The sanctuary asked for
a 360-foot buffer zone.


 

The Stellwagen Bank National Marine Sanctuary is asking fishermen to be careful fishing around the 47 shipwrecks known to be there.

“One challenge we have at the sanctuary is to protect the shipwrecks’ located there,” the sanctuary’s superintendent, Pete DeCola, said during a session on the federal scallop fishery at the Maine Fishermen’s Forum in early March.

The sanctuary is home to 47 known shipwrecks and perhaps more than 200 all together. All of the known shipwrecks have had interactions with fishing gear, he said. It’s been the sanctuary’s policy not to reveal the wrecks’ whereabouts. Now the policy is under review, given the fact that they all have had interactions.

“The policy is probably not working so well,” he said.

For example, as many as 40 scallop boats were counted in the northwest corner on one day in March 2017.

“That’s where seven shipwrecks are,” he said.

One, he said, is the North Star (ex. Bonaventure), a 55-foot-long dragger built in 1967 in Portland and based in Gloucester, Mass. North Star fished in Massachusetts Bay until disaster struck in August 2003. During the intense fishing, many of the vessel’s components became widely dispersed, he said.

In 2018 and 2019, the sanctuary took a different tack and disclosed the shipwrecks’ locations.

“Now it’s a common responsibility,” he said, adding, “If you want to see a maritime archeologist’s head explode, tell them we’re going to disclose shipwreck locations and they’ll freak out real quick.”

In the two years since the notices started going out, the sanctuary has performed side scan sonar surveys for the wrecks and discovered they’ve been untouched, he said.

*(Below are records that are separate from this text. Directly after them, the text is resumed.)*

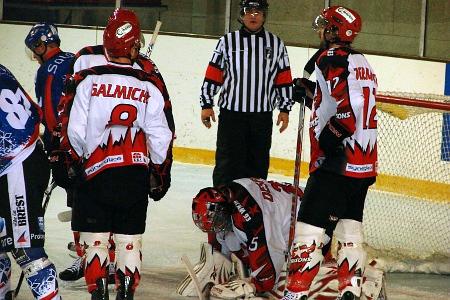 Photo hockey Division 1 - D1 : 12ème journée : Brest  vs Neuilly/Marne - Duel pour la première place. 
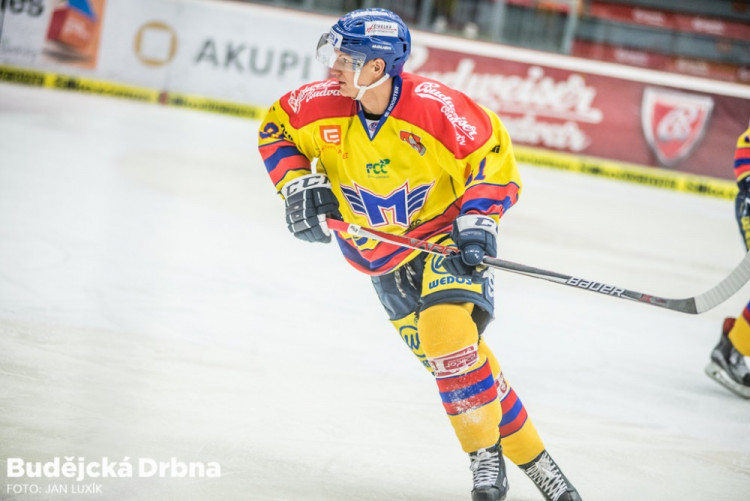 Motor porazil Ústí a v první třetině hrál ve speciálních dresech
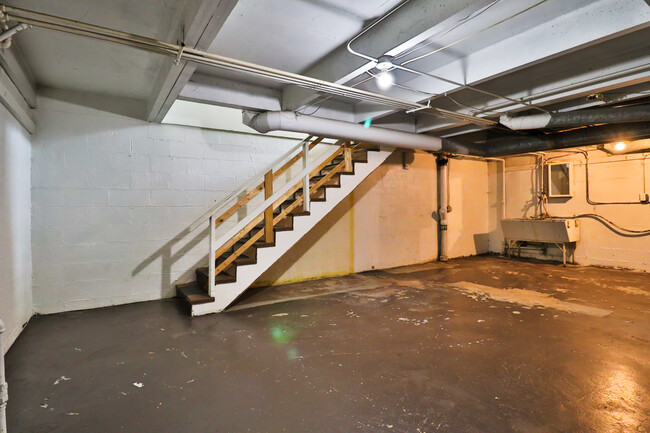 Building Photo - 925 N Prairie Ave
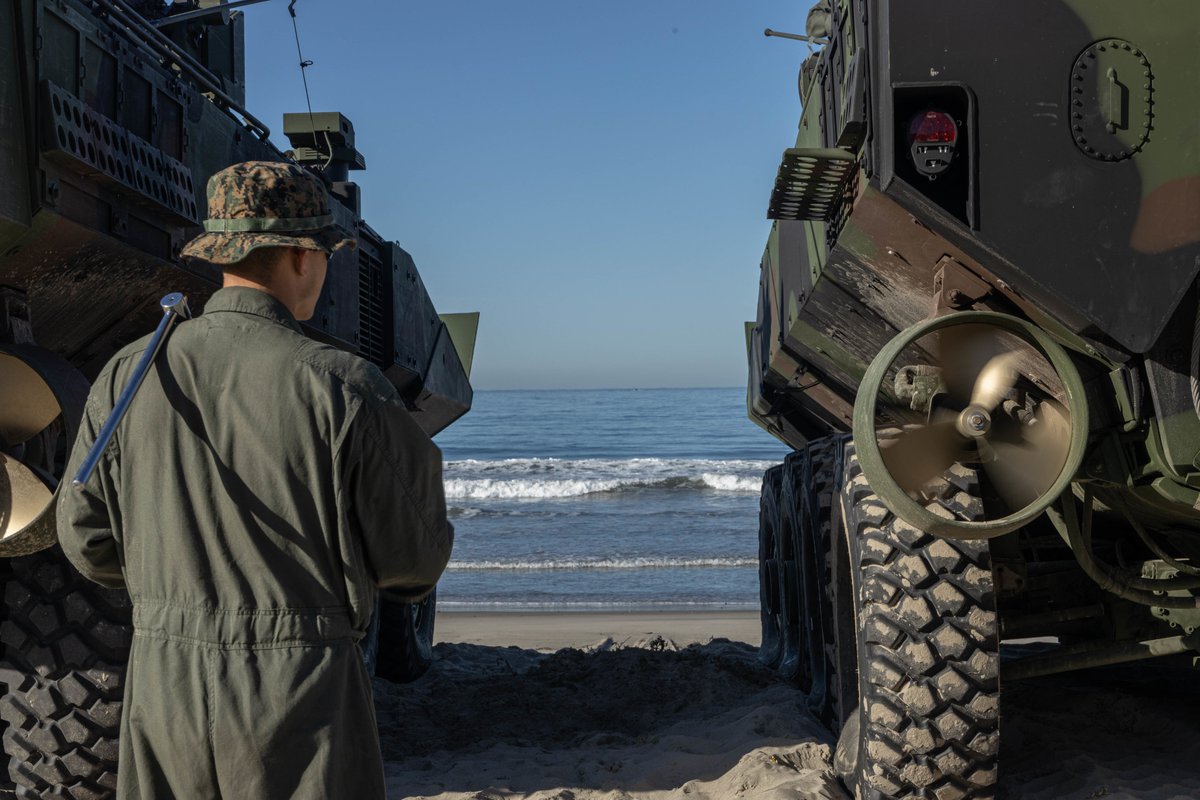 1stMEF's tweet photo. #Marines with 3d Assault Amphibian Battalion, @1st_Marine_Div, prepare to launch amphibious combat vehicles (ACV) into the surf during a training event at @MCIWPendletonCA.
Capability in operations is the next step in certifying ACV crew members for worldwide deployment. https://t.co/TPsbnp4P9y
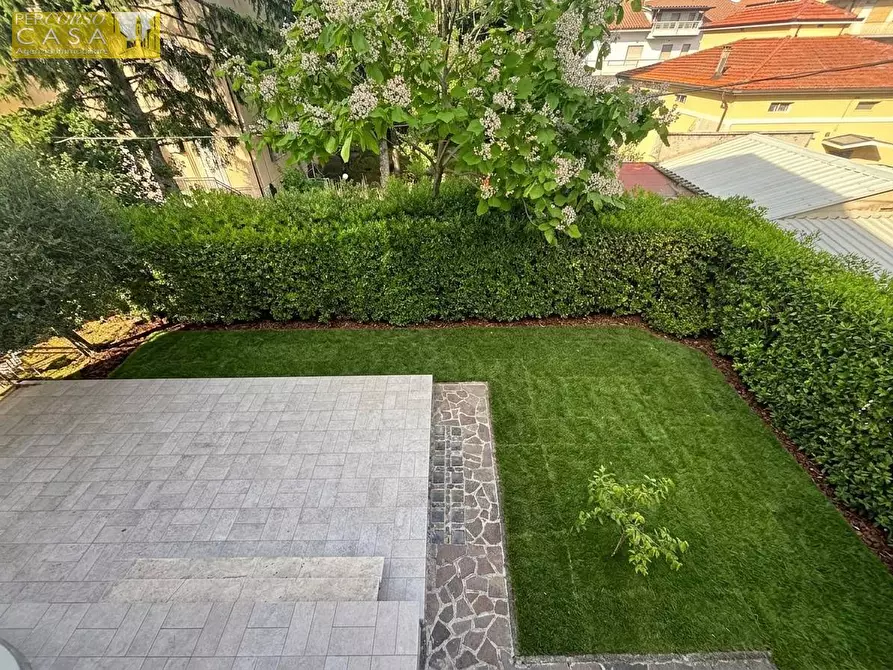 Immagine 21 di Villa in vendita  in Via Amerigo Vespucci a Sant'egidio Alla Vibrata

In a 2019 post-season survey, respondents said they avoid shipwrecks to prevent lost gear and fishing time, he added.

“We found out what we knew all along—nobody wants to hit a shipwreck because of lost gear and fishing time,” he said.

The sanctuary asked for a 360-foot buffer zone.

“They thought that was reasonable,” he said.

The sanctuary is continuing the program in 2020 and providing electronic files that can be downloaded to a boat’s chart plotter.